個人的に現在とっている防衛手段は、耳栓とイヤーマフである。
安価で手軽なので、おそらく誰でもとれる防衛手段である。
しかし、例えば廃品回収のトラックが家の前まで来てしまうとさすがに音が入ってきてしまうし、体質にもよるのでしょうが私は耳が腐り気味になってしまうので(密閉されることによって耳の穴の中の湿度が高くなりすぎるからだろう、と思っている)、本当はやめたいのが本音である。
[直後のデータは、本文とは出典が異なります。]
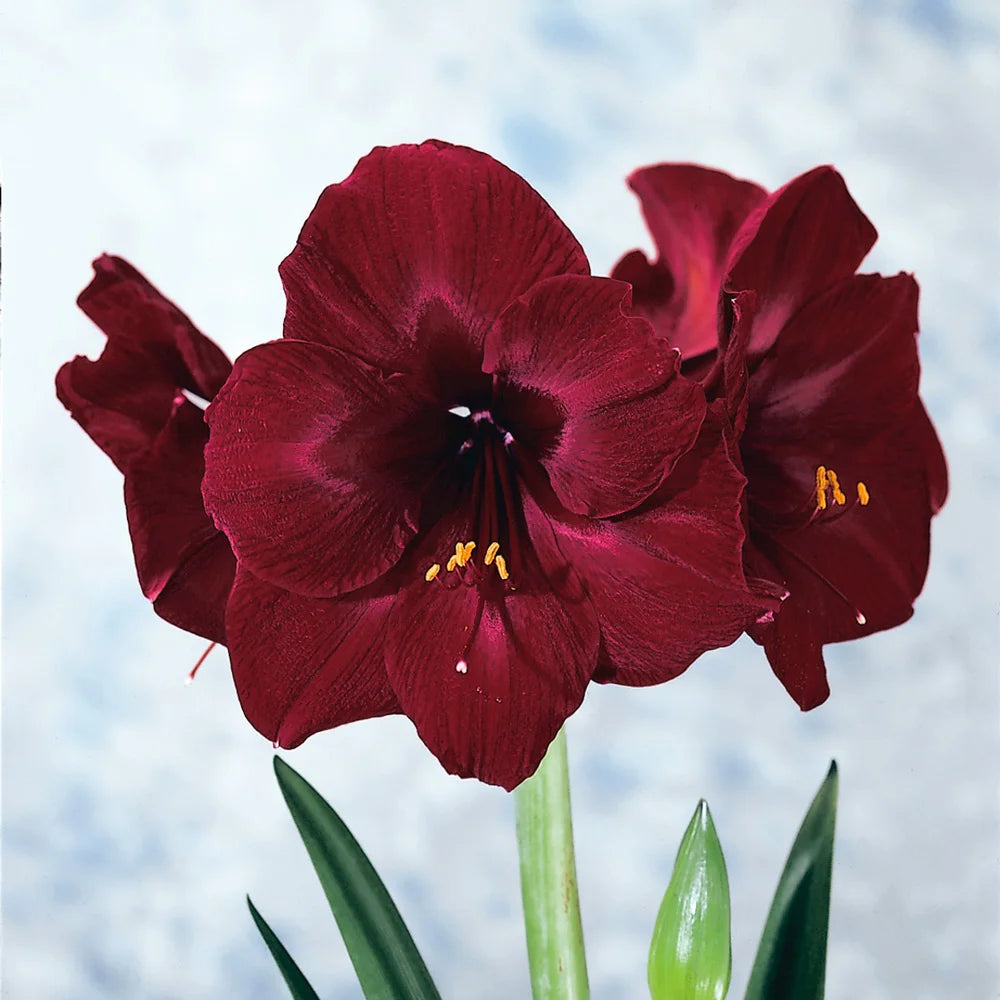 black pearl lily flower Amaryllis Black Pearl | Bag of 3 Wholesale Bulbs | Hippeastrum 'Black Pearl' | Zone 3-10 | Red | Black | 16 - 18 inches | Full Sun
一時的な避難場所として、楽器の練習スタジオを借りるという手がある。
そこそこの規模の町なら楽器屋があるはずで、その楽器屋が練習やイベントのために防音設備があるスタジオを持っていることが多い。
相場は広さにもよるが、1時間500円くらいから借りられるところもある。広さや設備の充実度に比例して値段は上がる。
そこだけ壁を厚くしたり防音材を貼ったりなどして建築レベルでの防音をしているので効果はそれなりに期待できる。ドアもたいていは二重である。
ただし所有するのでもなければ基本的に「借りる」という形なので、いつでも使えるわけではない、自分だけの場所にはできないなどのデメリットもある。
ただ、比較的安価に安全な場所を確保できるという意味では利用価値はあると考えてよいだろう。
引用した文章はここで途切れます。